All participants agreed that archived files must exist to be read and that readability over time matters, but they differ philosophically about how and when to trust that a file would be readable. Portico migrates files to standardized formats as part of the archiving process in the hope that these migrations will make future readability more likely. LOCKSS puts its emphasis on maintaining the integrity of a file on the principle that the existence of an undamaged original is a prerequisite to future readability, and does not try to anticipate future standards or future tools for reading. It has, however, tested its ability to do on–the–fly format migration and published the results of the experiment. kopal’s developers are openly skeptical about trusting readability to future tools and it puts substantial efforts into testing and ensuring readability on the principle that an unreadable file is not useful. LOCKSS, kopal and e–Depot treat all emulation and migration as possible models for future readability.

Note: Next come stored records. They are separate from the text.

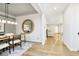 Open concept dining room with wood floors, modern lighting, and a clear view into the connected living spaces at 14477 Stairbridge Pl, Carmel, IN 46032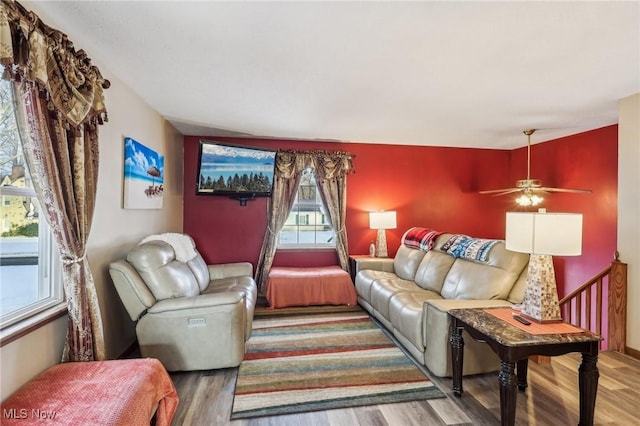 living room with ceiling fan and hardwood / wood-style floors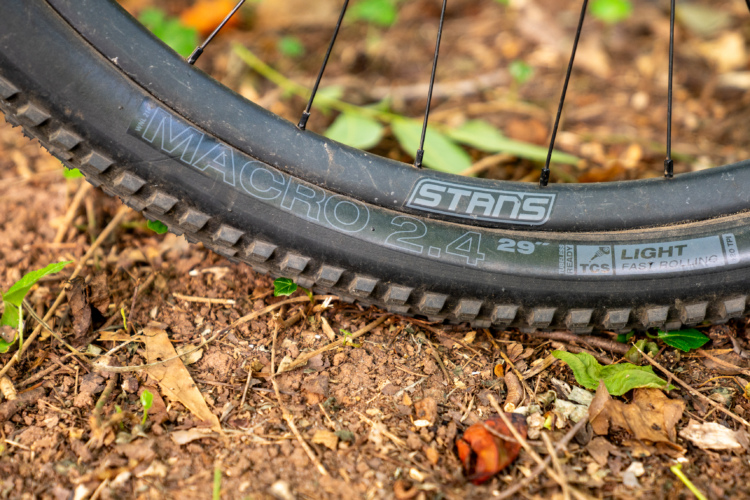 Close-up view of a mountain bike tire resting on dirt and leaves, featuring visible brand markings "Stans" and "Macro 2.4 29." The tire's tread pattern is highlighted, showcasing its design for off-road cycling.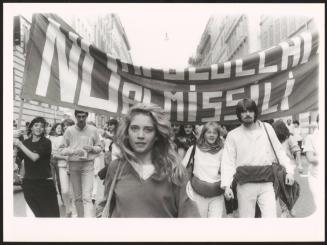 A young woman leading a group at an anti-nuclear march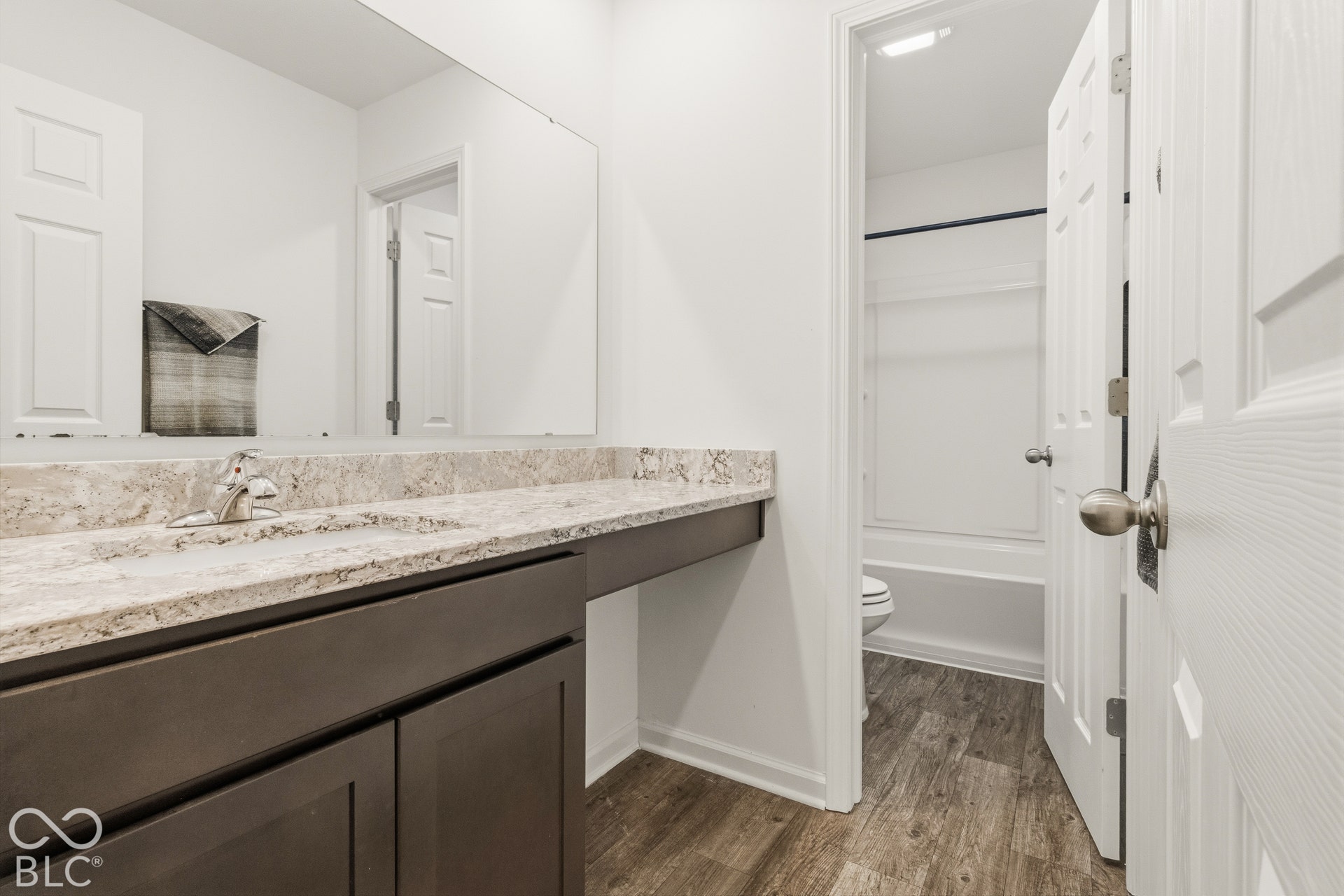 Extended vanity with an integrated sink and a stone-finish countertop
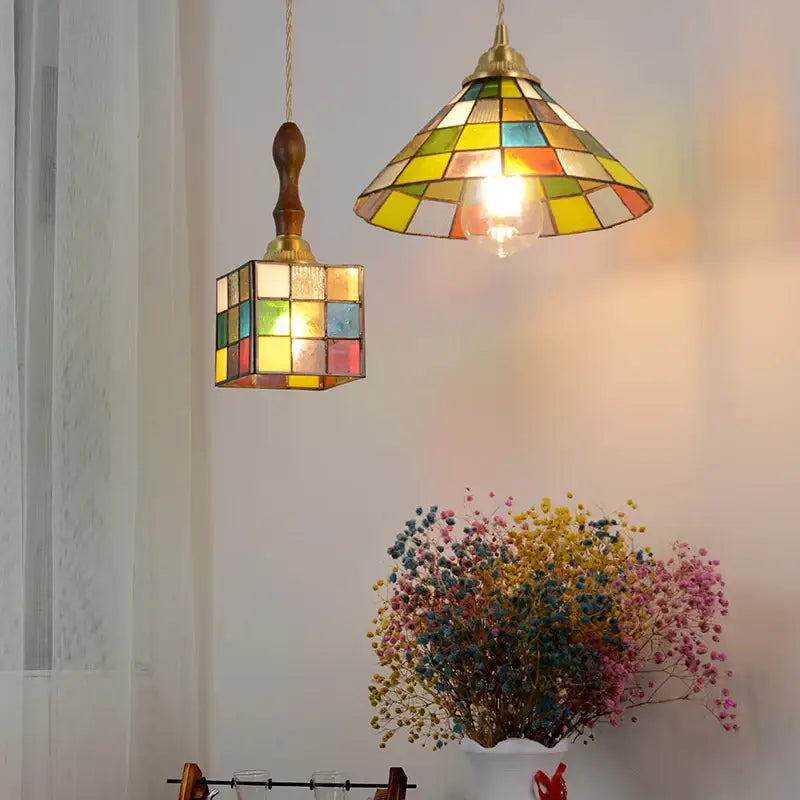 Two colorful glass magic pendant lights by decorbites featuring vibrant yellow green blue red and orange panels in brass frames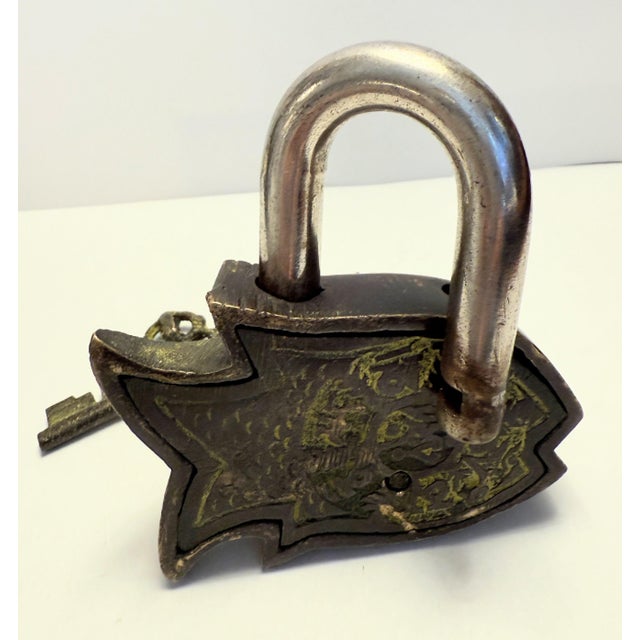 This old antique fish lock measures 3 1/2" H X 3 3/4" W inches and has beautiful patina due to its age. Fishes are...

If future readability is the chief criterion for long–term archiving, then it is unsettling to trust in the ability of future systems to decode obsolete file formats. Standardization is highly attractive and all systems agree that it is important, but our record in predicting standards 100 years in the future is not encouraging in areas of rapid technological change, and the library community has little power to set standards outside of its own small sphere.

Commercial software

The extent to which archiving systems should rely on commercial software also divided the systems. Both e–Depot and kopal rely on IBM’s DIAS software for the archiving and file maintenance. Portico uses some commercial software, including Documentum and the Oracle database, but minimizes dependence on it. LOCKSS is entirely open source.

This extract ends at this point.